As discussed previously, the adoption of the new revenue
standard will probably require management to implement new controls or modify
existing ones to address new or modified risks of material misstatement. Such
changes in internal control, if material, as a result of the adoption of a new
accounting standard, will trigger disclosure requirements. In addition,
management should consider whether there are appropriate controls with respect
to identifying and disclosing material changes in ICFR.
For example, management may consider whether there are controls
related to the following:
- Compliance — Processes are in place to identify and evaluate material changes in internal control. Further, protocols exist for developing appropriate disclosures and reporting such information to appropriate levels of management (e.g., those signing the quarterly and annual certifications required under SEC Regulation S-K, Item 601(b)(31)10).

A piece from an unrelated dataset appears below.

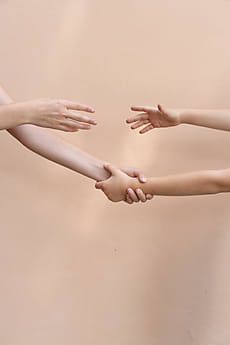 two hands reaching out towards each other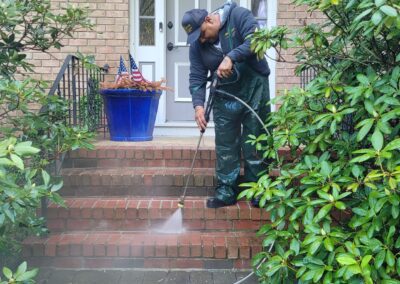 Man power washing steps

- Review — The disclosures are reviewed by appropriate levels of management (including, as warranted, those signing the quarterly and annual certifications).
- Monitoring — The company’s monitoring function (e.g., internal audit, disclosure committee, or audit committee) appropriately considers the state of the entity’s ICFR to identify changes and monitors controls in accordance with company protocols. In addition, the audit committee is involved in the oversight of the disclosures’ preparation.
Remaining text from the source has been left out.